Periodic Reporting for period 2 - GRACEFUL (Probing the deep Earth's interior by synergistic use of observations of the magnetic and gravity fields, and of the rotation of the Earth.)
Período documentado: 2022-03-01 hasta 2023-08-31
What is the problem/issue being addressed?
GRACEFUL is a project that addresses fundamental shortcomings in the current understanding of the deep interior of our planet, in the fluid core in particular, with a long-term vision to open new frontiers and foster research on Earth’s interior. It combines most up-to-date observations of the Earth gravity field, the magnetic field and the Earth rotation, as well as by developing precise modeling of the core flows.
The key scientific questions we want to address with this novel approach are:
- What are the flow motions in the liquid core that can explain the observed magnetic field, its secular variation and its jerks, and that can explain the observed LOD variations at decadal and sub-decadal timescale?
- What kind of global motion in the core is acting at these timescales?
- What is the impact of core flow near the CMB on temporal gravity and LOD variations?
- What is the role of the core, the core-mantle boundary and the lower mantle in explaining observed gravity, magnetic field and LOD variations?
- Can we predict the changes in the flow of the core as well as in the magnetic field, LOD variations and core contributions on gravity?
Why is it important for society?
One needs to understand why the magnetic field is changing these days (even more rapidly than expected) and one needs to know the rotation and orientation of the Earth very precisely in space, and therefore understand what is going on inside the core and at the core-mantle boundary.
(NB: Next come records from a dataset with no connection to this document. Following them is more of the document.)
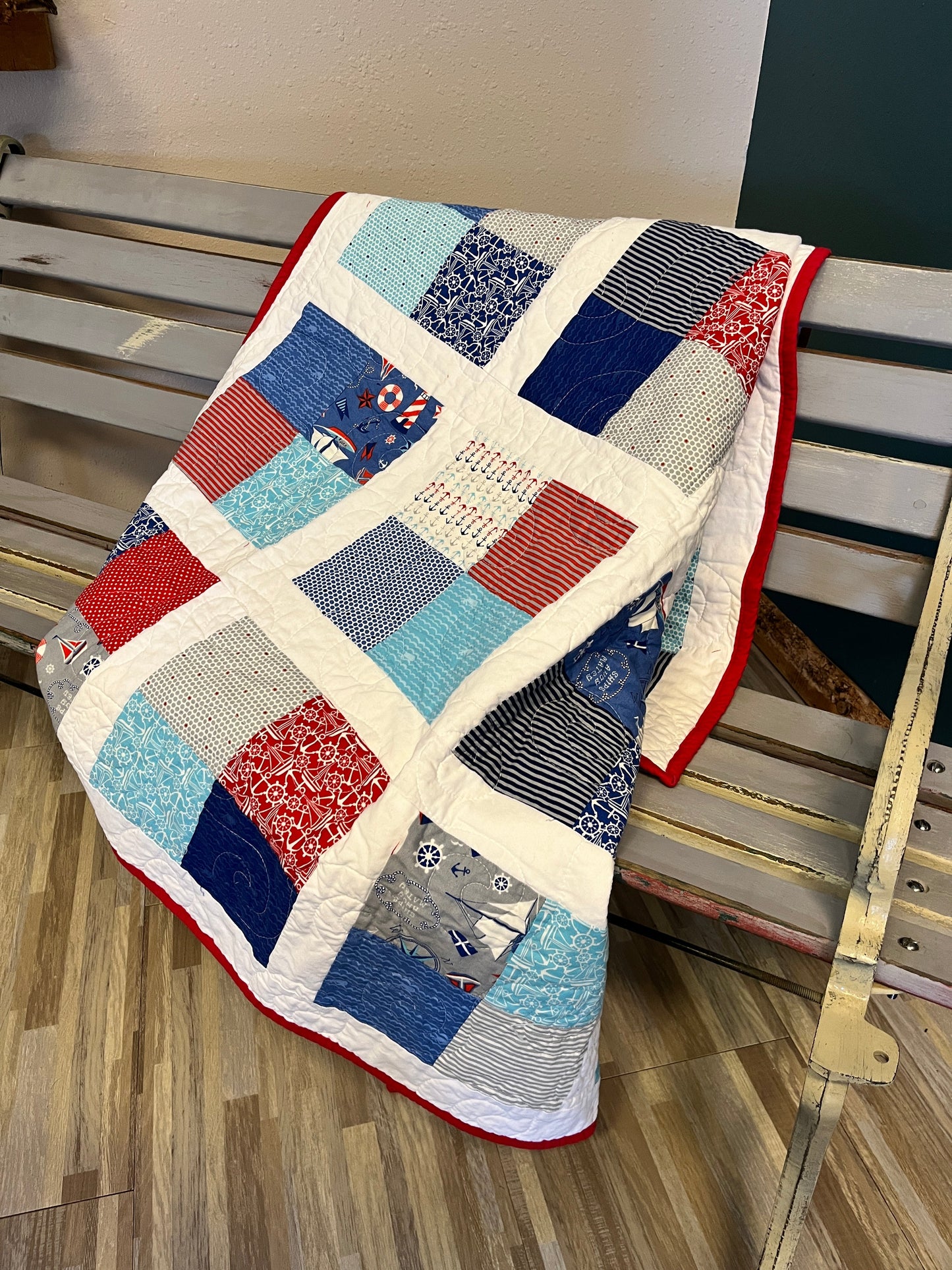 Nautical Boy's Square Patchwork Handmade Baby Quilt - The QuilTea Corner
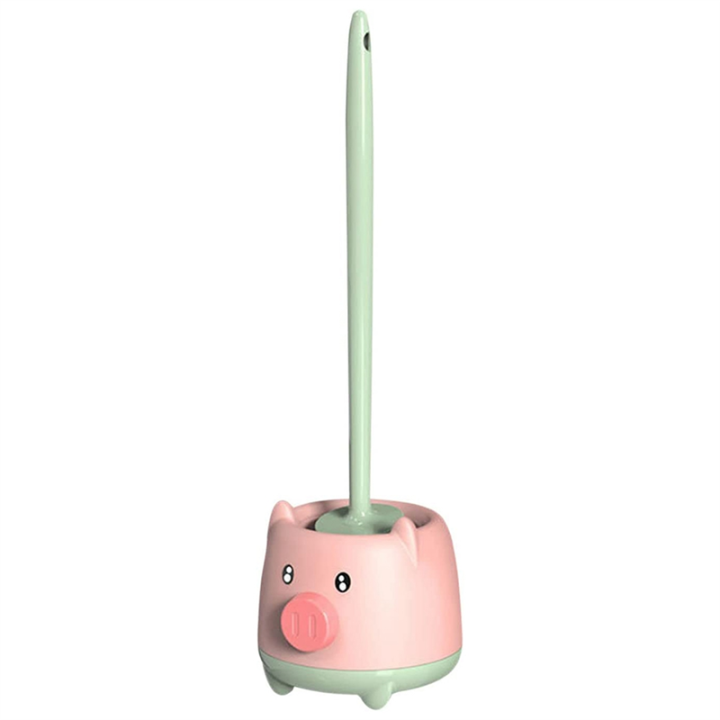 Compact Toilet Bowl Cleaning Brush Set Pink & Green Plastic Toilet Bowl Brush and Holder Wall-Mounted for Bathroom Deep Cleaning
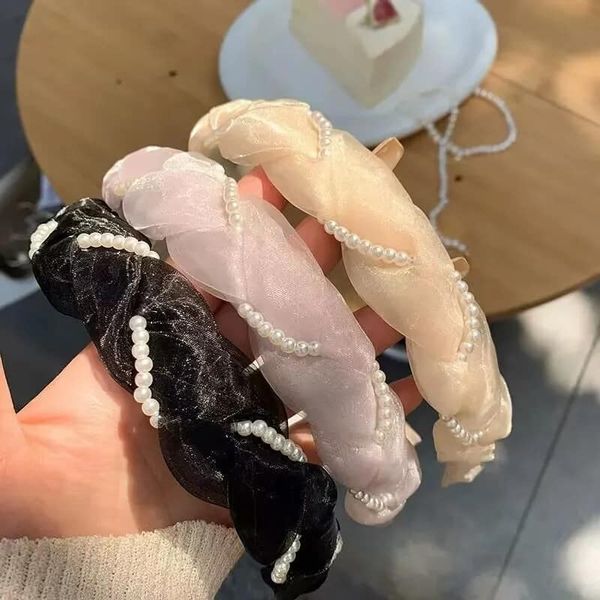 Picture of Korean Pearl Headband Hair Bands For Women Light Pink Int: One size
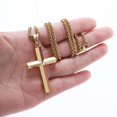 thumbnail image 4 of APSVO Gold Cross Necklaces for Men Boys Stainless Steel Cross Pendant Chain Catholic Religious Christian Birthday Valentines Jewelry Gifts Teen Him Boyfriend Male Dad Adults Kids Age Ideas 18 Inch, 4 of 7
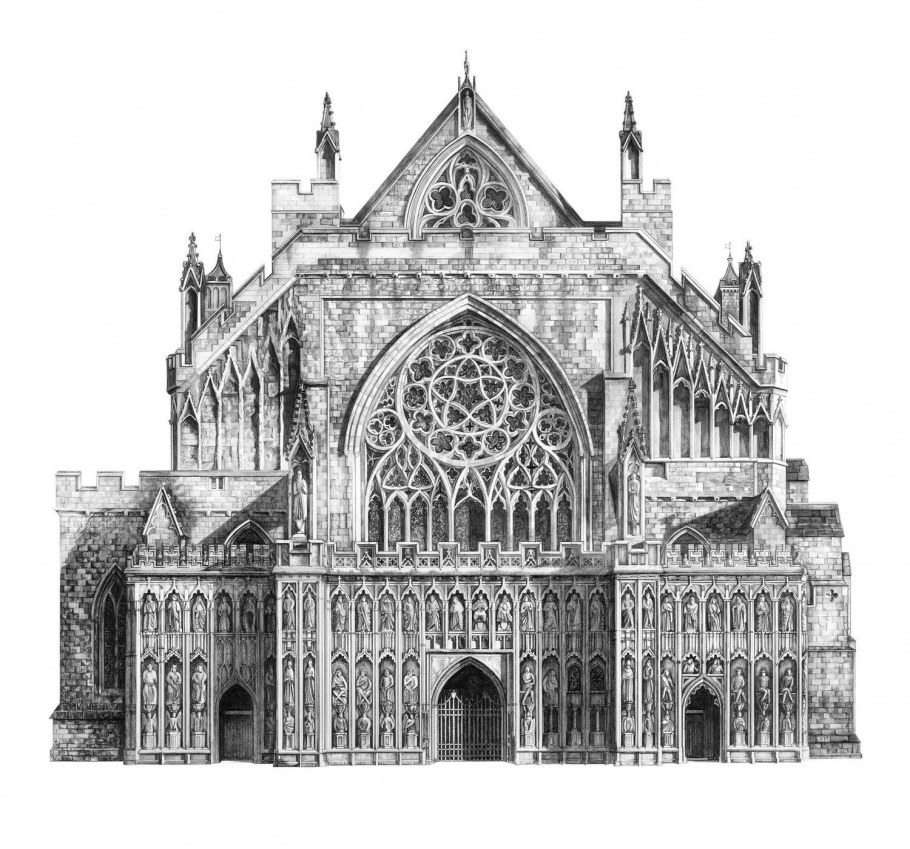 Готический собор Милана в карандаше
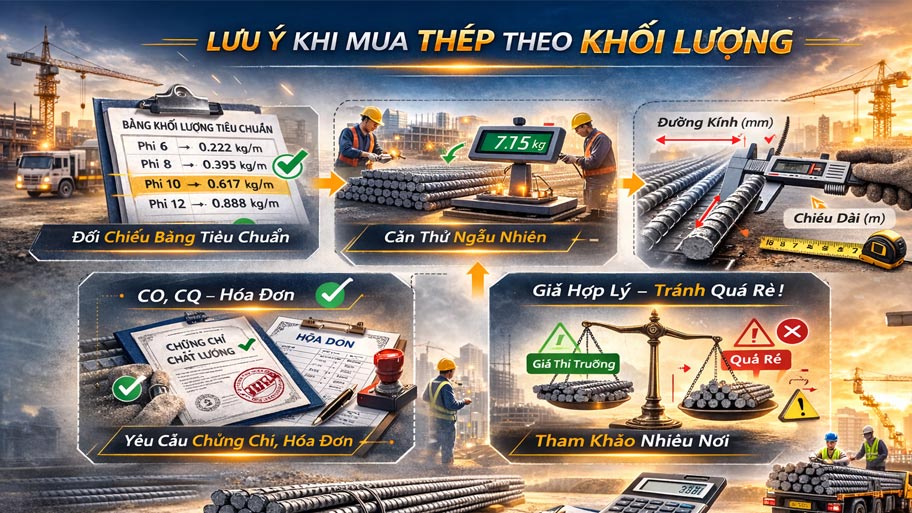 Lưu ý khi mua thép theo khối lượng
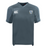 The Milwaukee Barbarians Rugby Vapodri Evader Jersey by EMB Canterbury is a gray short-sleeve rugby top with a V-neck, moisture-wicking fabric, the Canterbury logo on the right chest, and the club crest on the left.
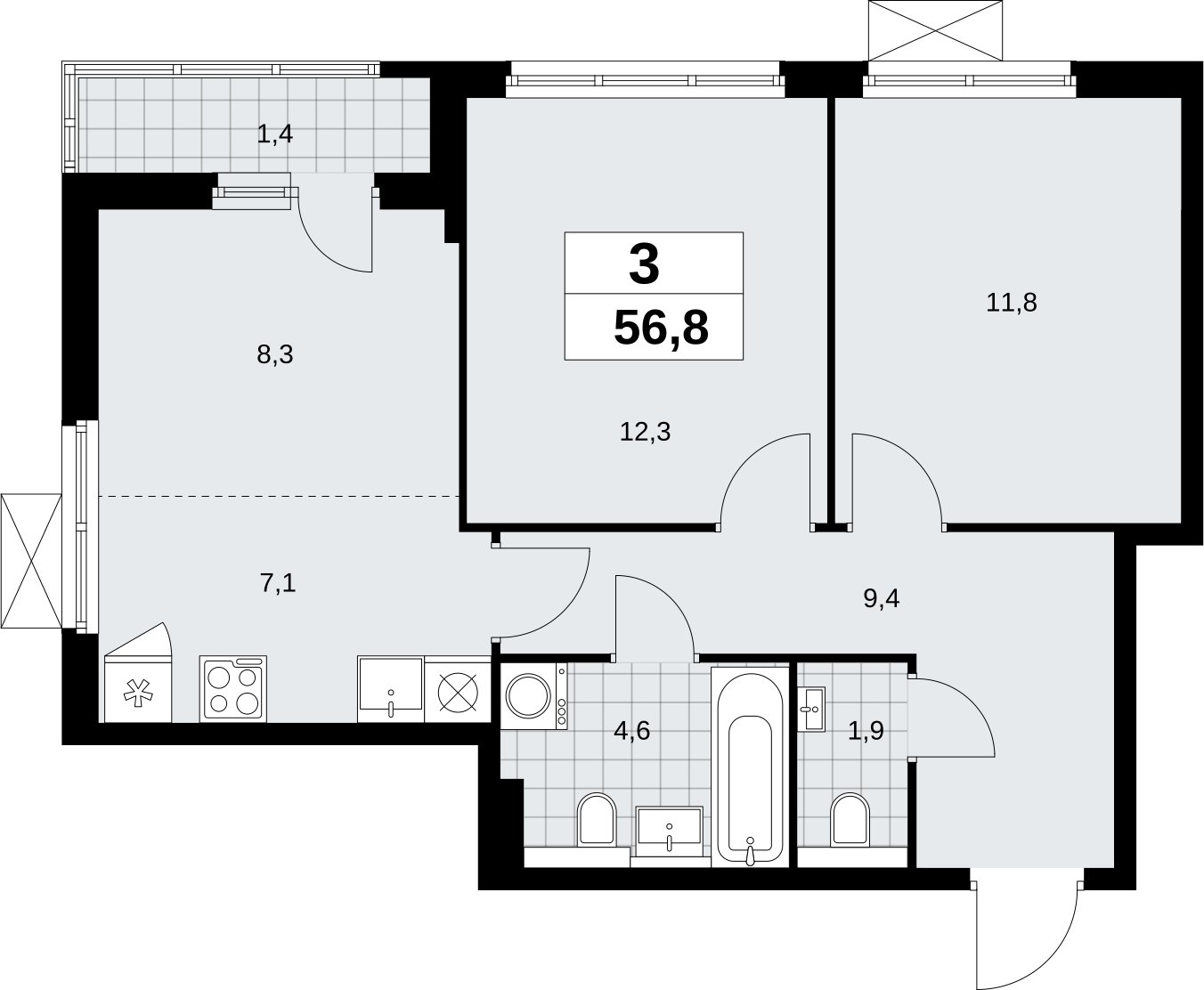 3-комнатная квартира (евро) без отделки, 56.8 м2, 2 этаж, сдача 2 квартал 2026 г., ЖК Бунинские кварталы, корпус 9.1 - объявление 2323469 - фото №1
The study of the Earth's deep interior is a discipline still in a period of important evolution and of great interest for the public. Only indirect observations are available on the dynamics of the Earth’s fluid iron-rich outer core. In addition to seismic observation, the magnetic and gravity fields, as well as the rotation of the Earth (in particular the Length Of Day, so-called LOD) provide invaluable information on processes occurring in the Earth's deep interior. The magnetic field, originating mainly within the Earth’s fluid outer core, and its temporal variations can be used to infer motions of the fluid core on decadal and sub-decadal time-scales. Temporal variations in the Earth's gravity field, which reflect changes in the mass distribution within the Earth and at its surface, occur on a broad range of time-scales, in particular in the decadal and interannual band. Such gravity changes are largely dominated by surface contributions related to the global water cycle and climate-driven land ice loss but they also include the gravitational signature of flow inside the core deforming the core-mantle boundary and penetrating/infiltrating the lower mantle. Changes in the Earth’s rotation, i.e. LOD variations, also occur on similar timescales, and are generally assumed to be caused by the motions in the fluid core through exchange of angular momentum at the core-mantle boundary. Scientific progress is most effective when combining observations and models.
What are the overall objectives?
To understand the processes involved in the deep interior of the Earth and explaining its evolution, in particular the dynamics of the Earth’s fluid iron-rich outer core, only indirect satellite and ground observations are available. They each provide invaluable information about the core flow but are incomplete on their own:
- The time dependent magnetic field, originating mainly within the core, can be used to infer the motions of the fluid at the top of the core on decadal and sub-decadal time scales.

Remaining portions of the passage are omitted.